— About this exercise —
Pictures excluded, reproduce exactly the lines below from the one with "Gros plan sur" through the one with "2016 RAM 1500", both included.

======== Information provided ========

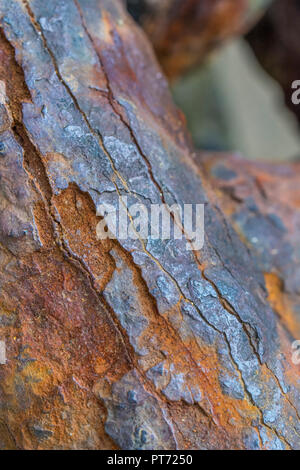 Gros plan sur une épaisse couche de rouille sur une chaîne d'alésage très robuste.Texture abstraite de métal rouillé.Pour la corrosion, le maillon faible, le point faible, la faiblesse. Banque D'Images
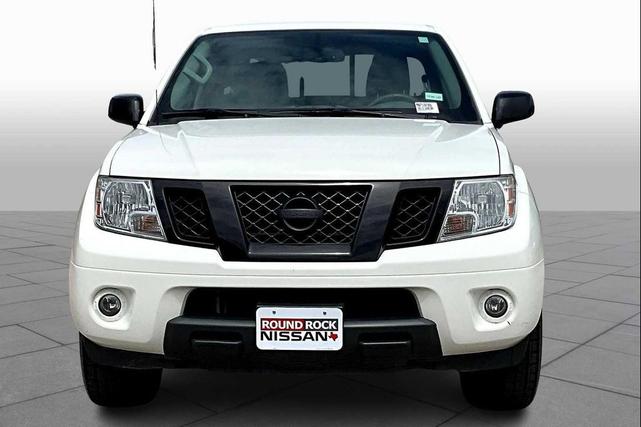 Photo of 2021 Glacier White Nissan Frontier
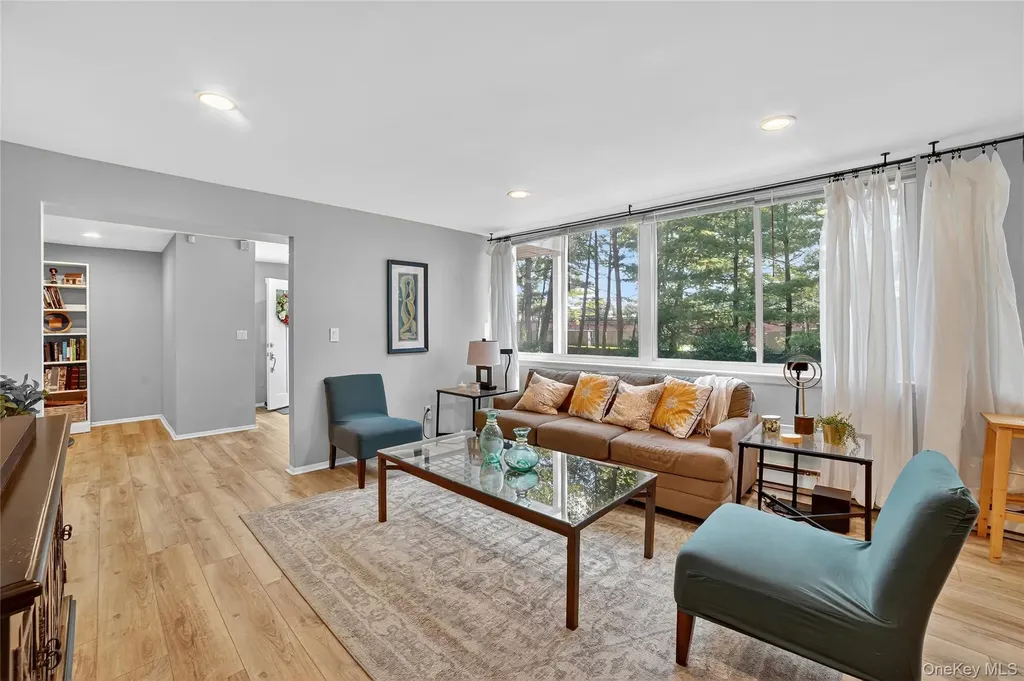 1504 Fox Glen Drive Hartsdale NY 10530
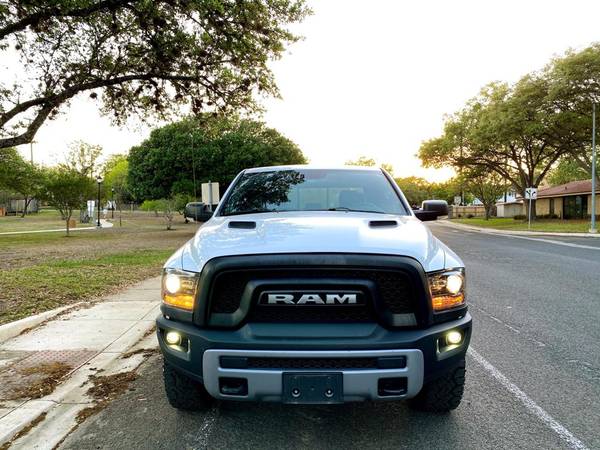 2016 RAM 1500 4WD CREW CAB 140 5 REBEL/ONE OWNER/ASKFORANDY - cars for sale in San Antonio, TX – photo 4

========
======== Information provided ========

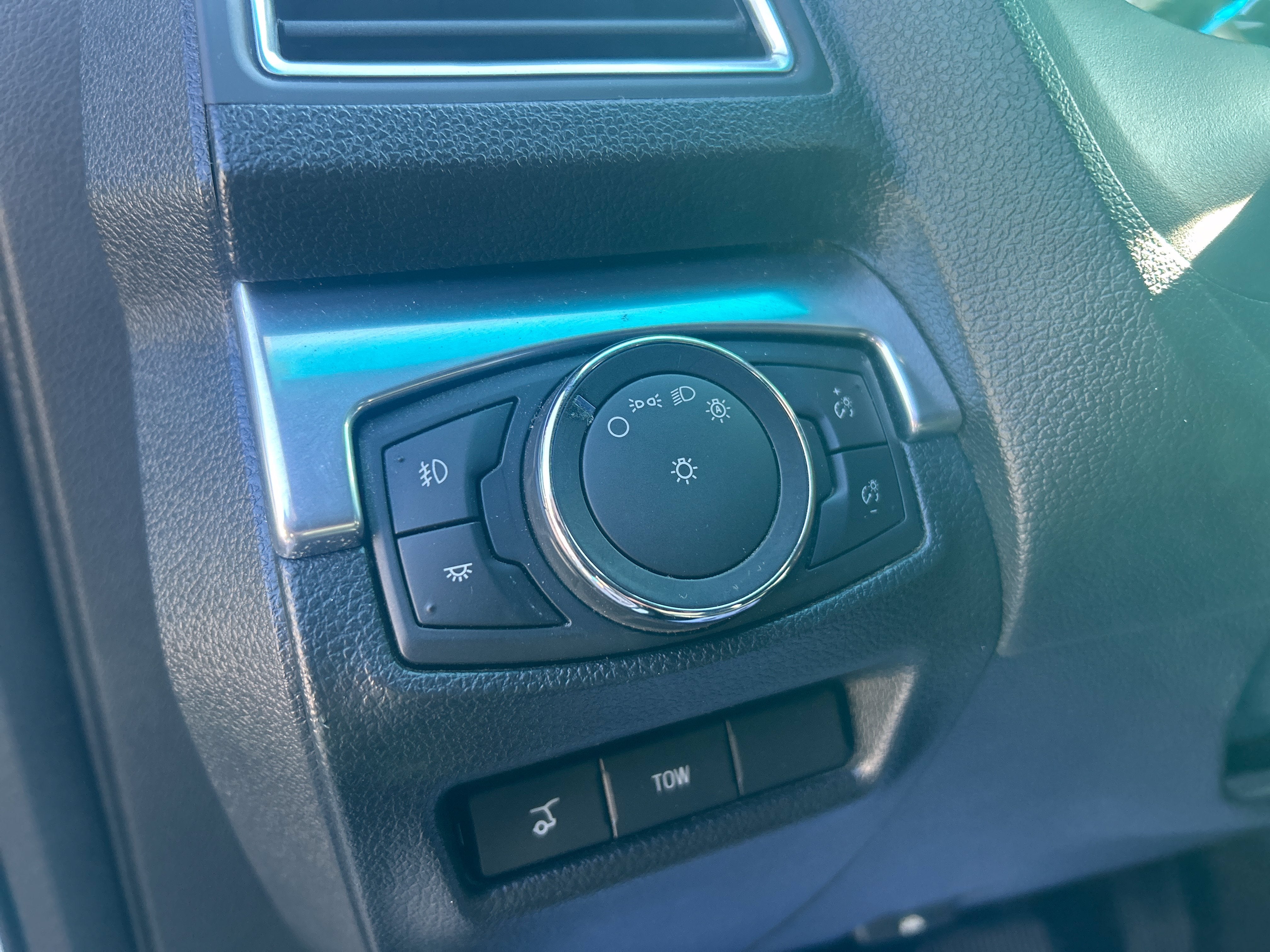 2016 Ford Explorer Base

========
======== Information provided ========

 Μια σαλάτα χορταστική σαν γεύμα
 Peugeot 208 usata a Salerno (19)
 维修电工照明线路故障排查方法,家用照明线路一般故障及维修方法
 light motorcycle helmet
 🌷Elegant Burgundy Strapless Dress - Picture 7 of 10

========

— Problem solution —
 Gros plan sur une épaisse couche de rouille sur une chaîne d'alésage très robuste.Texture abstraite de métal rouillé.Pour la corrosion, le maillon faible, le point faible, la faiblesse. Banque D'Images
 Photo of 2021 Glacier White Nissan Frontier
 1504 Fox Glen Drive Hartsdale NY 10530
 2016 RAM 1500 4WD CREW CAB 140 5 REBEL/ONE OWNER/ASKFORANDY - cars for sale in San Antonio, TX – photo 4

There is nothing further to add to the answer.